Andrew Goldman has been writing for over 20 years and investing for the past 10 years. He currently writes about personal finance and investing for Wealthsimple. Andrew's past work has been published in The New York Times Magazine, Bloomberg Businessweek, New York Magazine and Wired. Television appearances include NBC's Today show as well as Fox News. Andrew holds a Bachelor of Arts (English) from the University of Texas. He and his wife Robin live in Westport, Connecticut with their two boys and a Bedlington terrier. In his spare time, he hosts “The Originals" podcast.
A Tax Free Savings Account (TFSA) is not only one of the great wonders of the world, it’s also one of the great misnomers of the English language. Why is that? Well, it’s not a savings account at all.
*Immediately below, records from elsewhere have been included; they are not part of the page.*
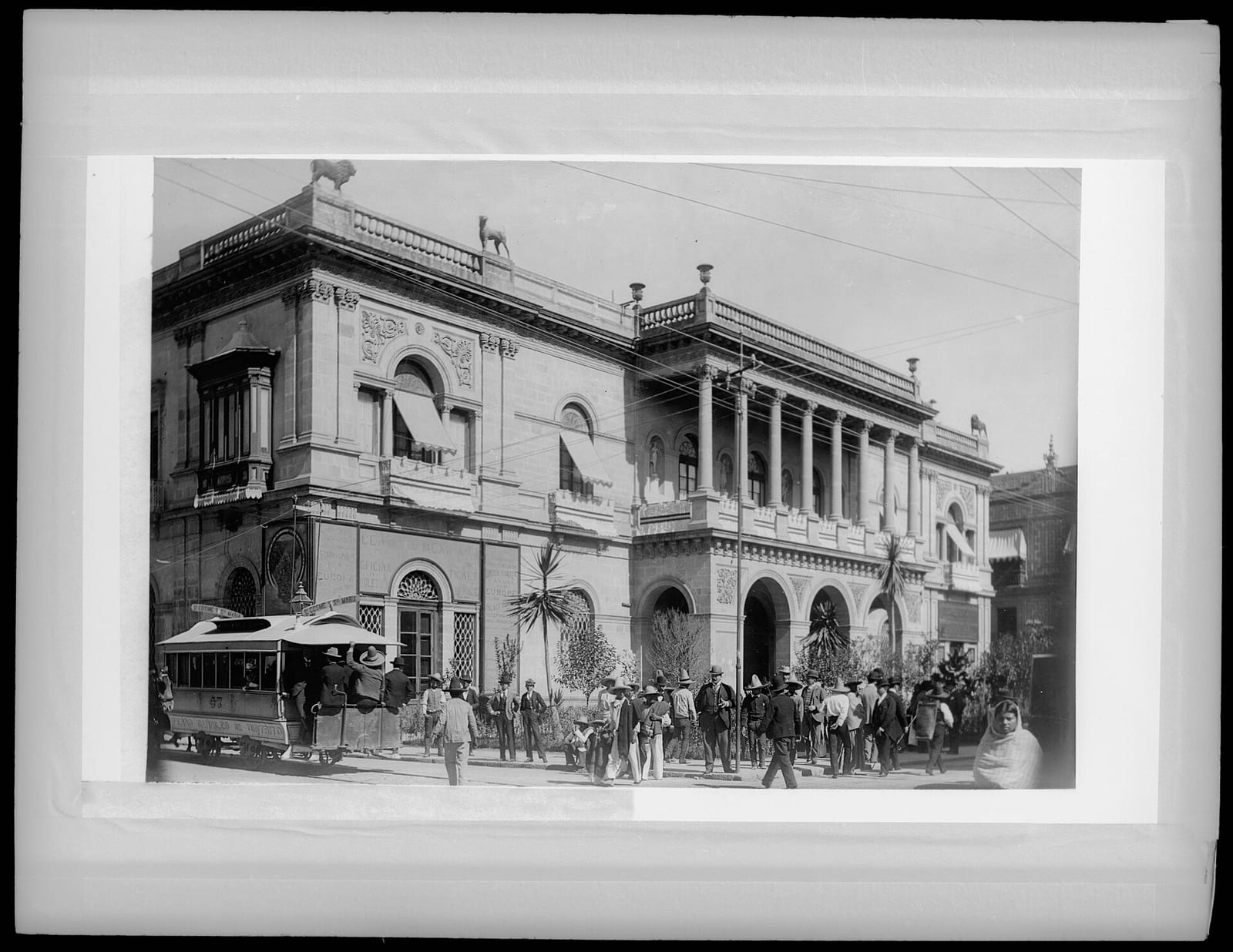 Fotografía de un palacio de dos pisos con balcones y columnas en una esquina de la Ciudad de México, con un tranvía y transeúntes.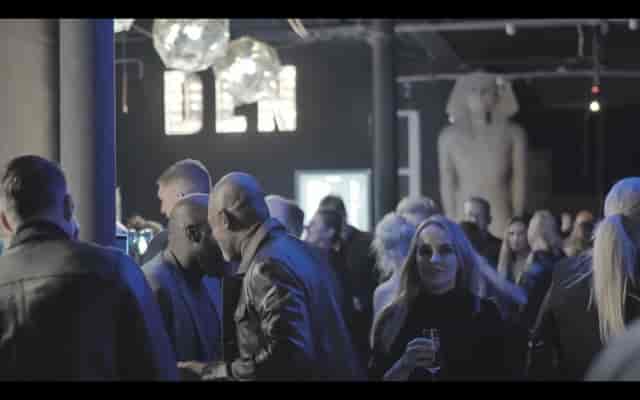 Vibrant networking event in The Den's stylish Main Room with modern decor.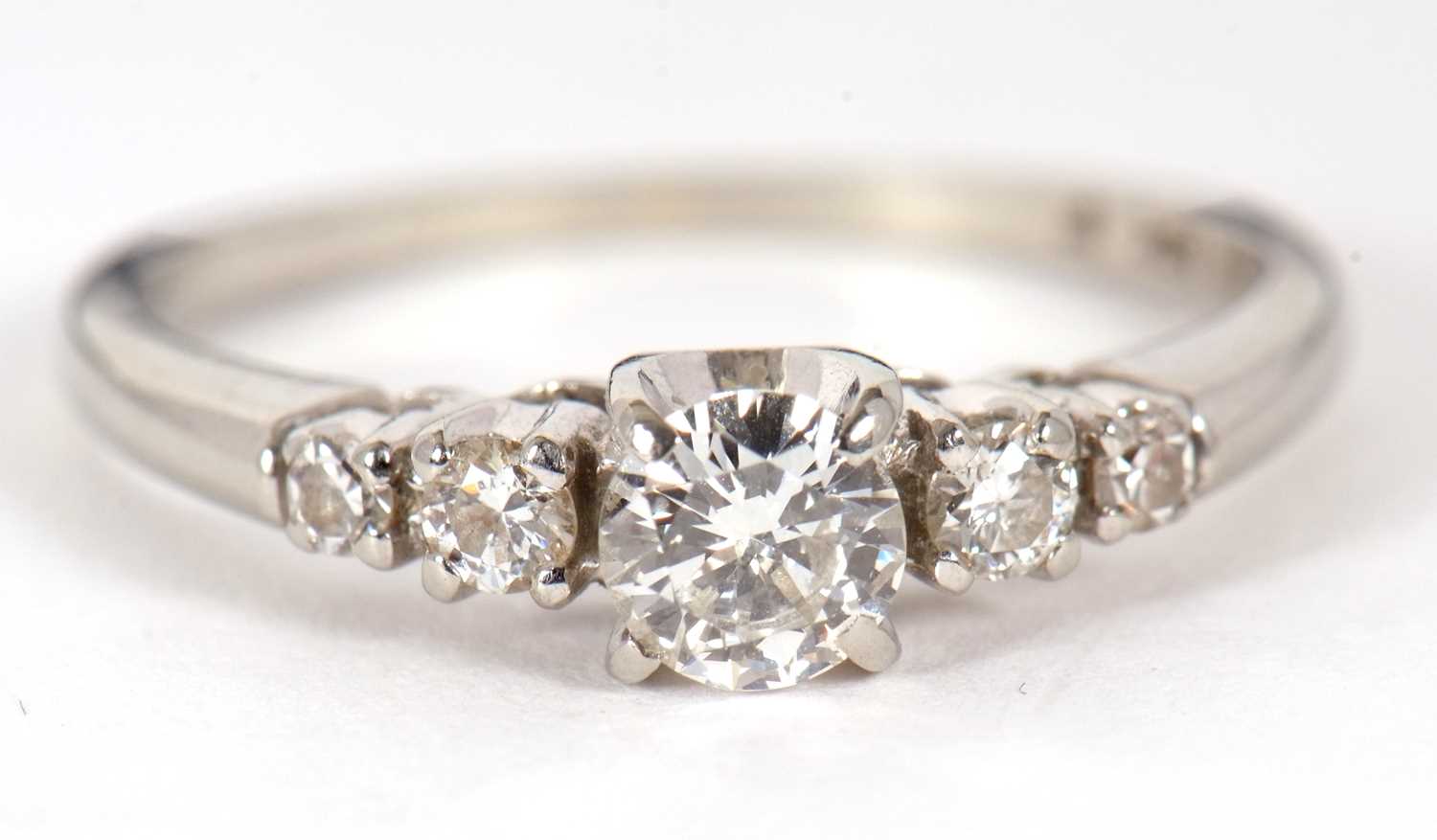 A diamond ring, the central round brilliant cut diamond with a smaller round brilliant and a - Image 4 of 10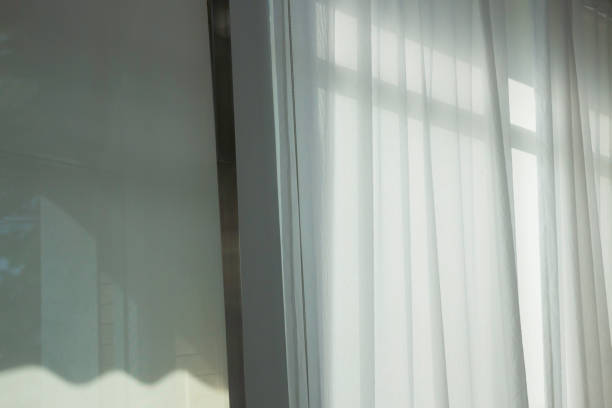 istock Soft curtain in modern white room 1285881100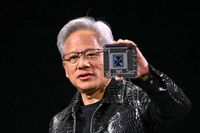 Nvidia CEO Jensen Huang holding a chip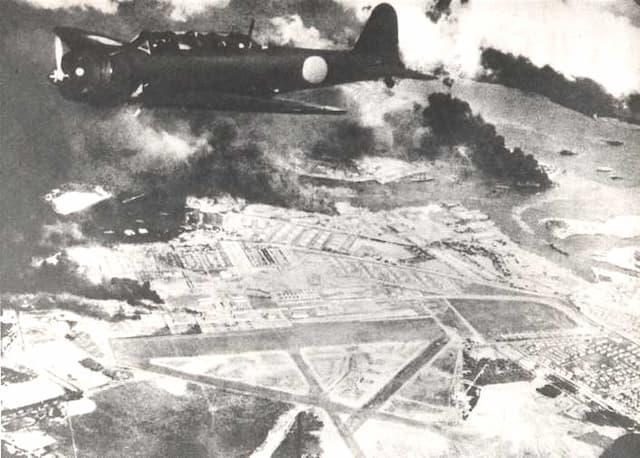 炎上する真珠湾と、その上空を飛行する日本海軍の九七式艦上攻撃機（出典：wikipedia）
We don’t know who decided to call it a savings account, but whoever it was should probably relinquish the part of his or her job that involves naming stuff! We’re about to give you a whirlwind primer on all things TFSA. Should you hope to go a little deeper on the big topics we cover, don’t hesitate to check out more in-depth articles on the following topics:
What is a TFSA?
Though TFSA is an acronym for Tax Free Savings Account, it’s not really much at all like those savings accounts you probably had as a kid--ones that earned almost no interest but provided access to all-you-can-eat stale lollipops from your local bank branch. Instead, think of a tax-free savings account (TFSA) as a basket. You can pick what to put in that basket from a bevy of financial instruments—exchange traded funds, guaranteed investment certificates, stocks, bonds and yes, actual savings accounts. The Canadian government introduced TFSAs in 2009 as a way to encourage people to save money. Since you paid tax on the money you put into your TFSA, you won’t have to pay anything when you take money out.
How Does A TFSA Work?
How a TFSA works is very simple. You open a TFSA, deposit money and hopefully watch your money grow. One of the greatest features of the TFSA is their flexibility in terms of when you can withdraw your money. Unlike an RRSP, you’re free to withdraw at any time without penalty, but there are government-mandated limits to how much you can contribute every year. The maximum you’re allowed to put into a TFSA each year is known as the contribution limit and it varies from year to year. It’s a good idea to take a gander at this year’s limit and past limits before you open a TFSA and start contributing. That’s because over contributing comes with a nasty little penalty — 1% of the excess contribution every month until it’s withdrawn.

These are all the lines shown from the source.